La imagen se ha desteñido con los años, el
recuerdo se ha difuminado, y los pixeles de la memoria se han agrandado,
disminuyendo el detalle y los colores, pero manteniendo los sentimientos y
sensaciones.
Había nevado. Mucho. En aquellos años las
nevadas no eran tan excepcionales como para que los telediarios abrieran con
ellas, ni había tantos coches como para que los copos de nieve provocaran un
desastre circulatorio. La calle presentaba no ya un manto blanco, sino una
soberana manta nívea que cubría aceras, calzada y descampados con varios
centímetros de ese polvo invernal que tanto nos gusta.
En la esquina había una mujer y un niño. Esa
esquina esta frente a mi casa, bueno, la casa de mis padres, pertenece a uno de
los pocos edificios que había allí cuando nos mudamos, hace más de cuarenta
años. La mujer era mi madre, y yo el niño, envuelto en un abrigo de lana negro,
o tal vez gris. Estábamos uno junto al otro, de espaldas al edificio en el que se
encontraba nuestro hogar. Nos veo desde la terraza de mi casa, aunque yo sea
ese niño pequeño, de no más de cinco años, moreno y de cara regordeta. Me
recuerdo serio.
Un hombre mayor está enfrente de nosotros. El
maestro. Todavía no había desaparecido la figura venerable del maestro de
escuela, que tan bien supo retratar el fallecido Fernando Fernán Gómez en La lengua de las mariposas. En muchos de
los pueblos de España la educación primaria, al menos en las primeras etapas,
estaba a cargo de estos hombres y mujeres, y muchos de nosotros iniciamos
nuestra formación con ellos. Aquella escuela estaba en los bajos de uno de
los edificios de la calle cercana, y tenía el nombre que otras muchas llevan y
llevaron: San José de Calasanz. Recuerdo la clase y los pupitres, todos los
niños en una misma sala, sin importar edades ni condiciones: el hijo del
maestro, los niños pequeños…
El hombre está hablando con mi madre. Las
palabras o sonidos ya se perdieron, los gestos apenas se reconocen, ni siquiera
el rostro de mi madre permanece. Ahora la escena ha cambiado, y la cámara de mi
mente está junto a nosotros, en un plano general corto conmigo al frente. Miro
al hombre mayor, creo que debería estar cerca de los sesenta años, una persona
muy vieja para mi cortos estándares, con una barba blanca que le daba más años
quizás de los que tenía.
Me sonríe. Me ofrece un caramelo, mientras mi
madre me dice que tengo que ir con él, que vaya a la escuela.

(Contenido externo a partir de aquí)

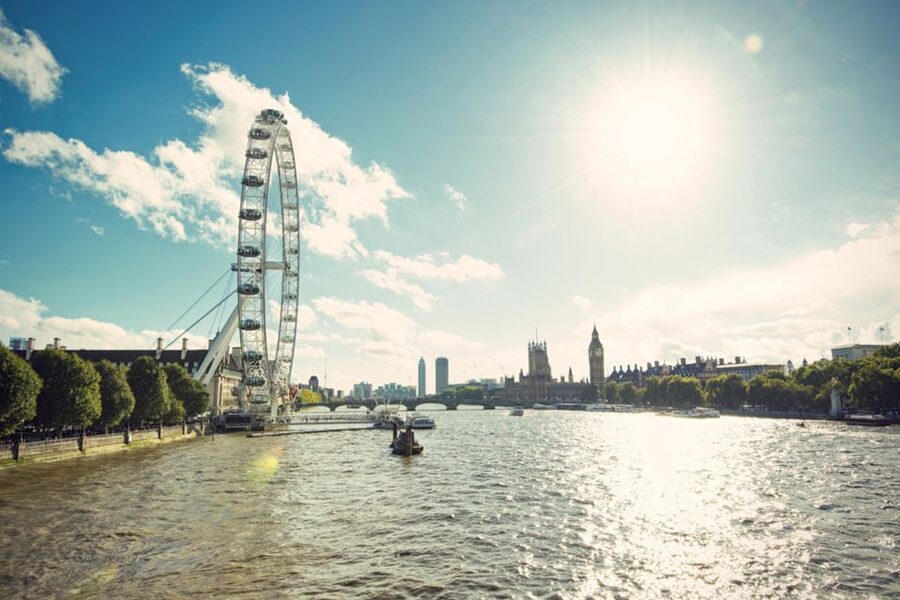 London: Thames River Cruise with Optional London Eye Ticket - St Paul’s, Shakespeare’s Globe, and Millennium Bridge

Aquí acaba la imagen. Es uno de mis primeros
recuerdos, recuerdos que no son reales, sucesos que pudieron bien ser momentos
de un sueño o ideas que me formé en conversaciones. A esa edad, podemos vivir
los sueños con tanta intensidad que se convierten en nuestra vida real.
Desgraciadamente, perdemos esa virtud con los años.